— WORK TO BE COMPLETED —
Write out again only the lines between the one with "Self-Adhesive No-Drill Wall-Mounted" and the end of the records below, both ends counted, and don't include the pictures.

— Short descriptive text snippets —
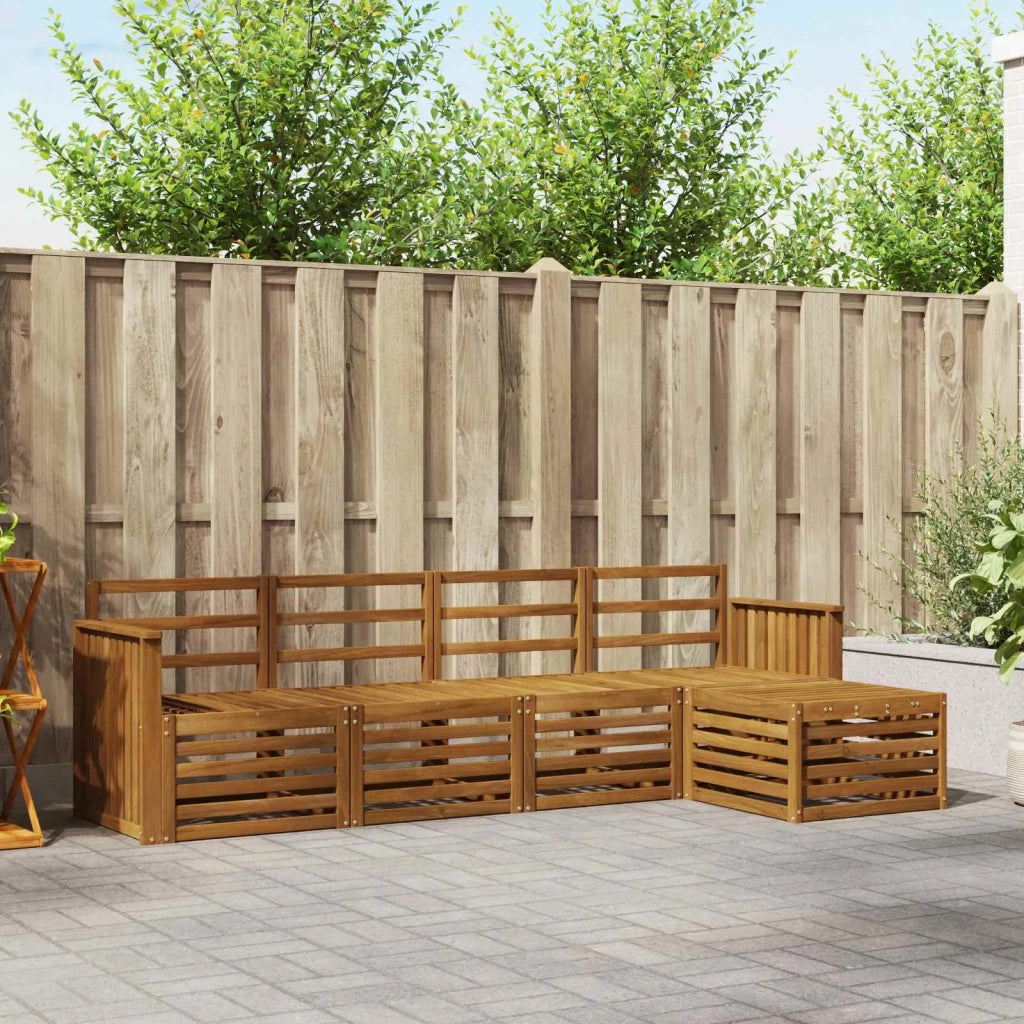 Set divani 5 pcs Naturale Legno di Acacia Massello 3374644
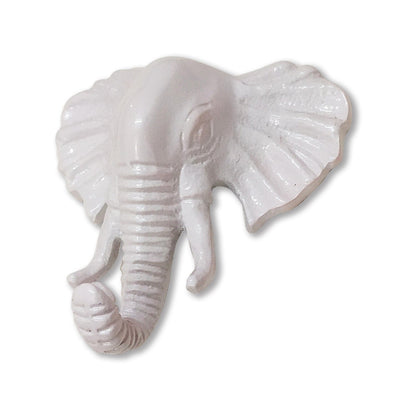 SAFARI WALL HOOK, ELEPHANT, WHITE POWDER COATED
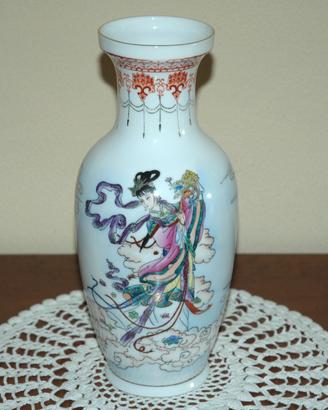 Vaso porcellana cinese con geisha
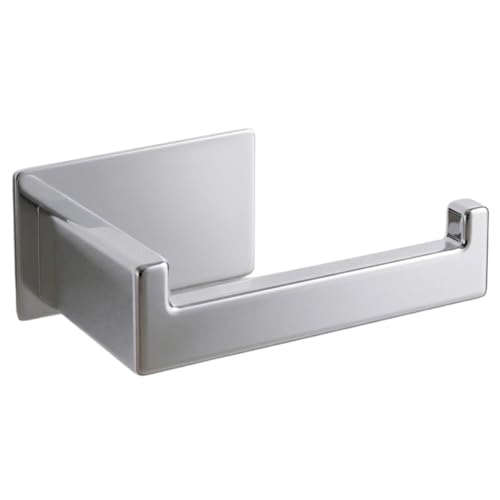 Self-Adhesive No-Drill Wall-Mounted Toilet Roll Holder, 304 Stainless Steel, Chrome Silver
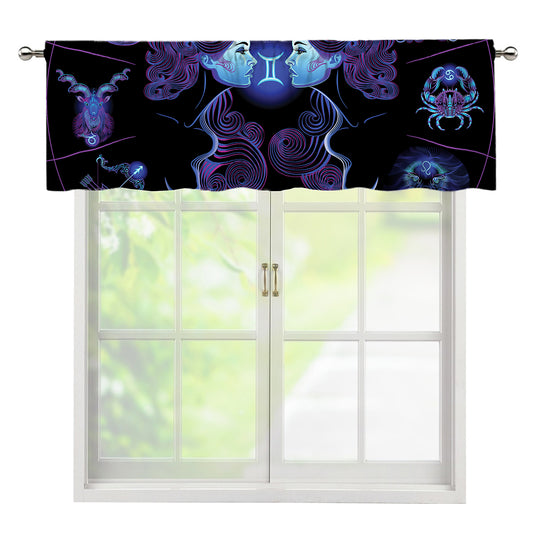 Gemini And Astrological Signs Print Window Valance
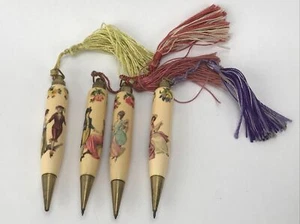 Set Of 4 Antique Chatelaine Pencils Germany Fob Pencils - Picture 1 of 9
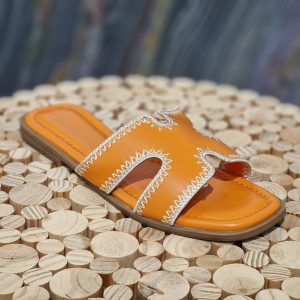 Mule claquette orange style Hermès avec couture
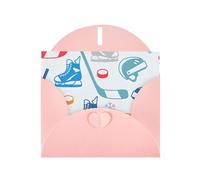 Hockey Elements Creative Patterned Print Blank Cards and Envelopes 5" x 6" for Wedding Birthday Invitations and All Occasions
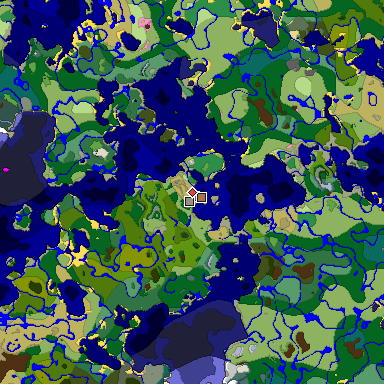 Predicted biome map of Java 1.21.4 seed -9007230011702644647 around estimated spawn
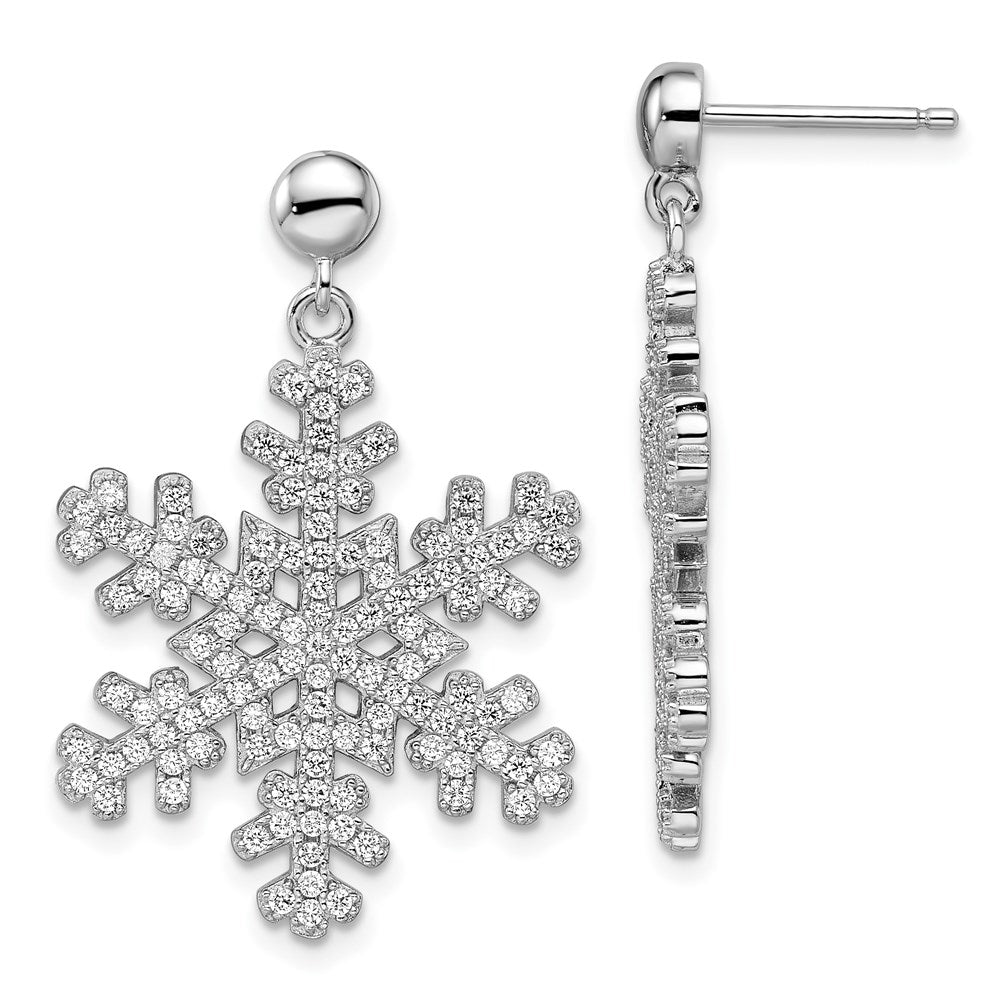 Brilliant Embers Sterling Silver Rhodium-plated 242 Stone Micro Pav‚ CZ Snowflake Dangle Post Earrings, 31 x 22 mm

— ANSWER TO THIS TASK —
 Self-Adhesive No-Drill Wall-Mounted Toilet Roll Holder, 304 Stainless Steel, Chrome Silver
 Gemini And Astrological Signs Print Window Valance
 Set Of 4 Antique Chatelaine Pencils Germany Fob Pencils - Picture 1 of 9
 Mule claquette orange style Hermès avec couture
 Hockey Elements Creative Patterned Print Blank Cards and Envelopes 5" x 6" for Wedding Birthday Invitations and All Occasions
 Predicted biome map of Java 1.21.4 seed -9007230011702644647 around estimated spawn
 Brilliant Embers Sterling Silver Rhodium-plated 242 Stone Micro Pav‚ CZ Snowflake Dangle Post Earrings, 31 x 22 mm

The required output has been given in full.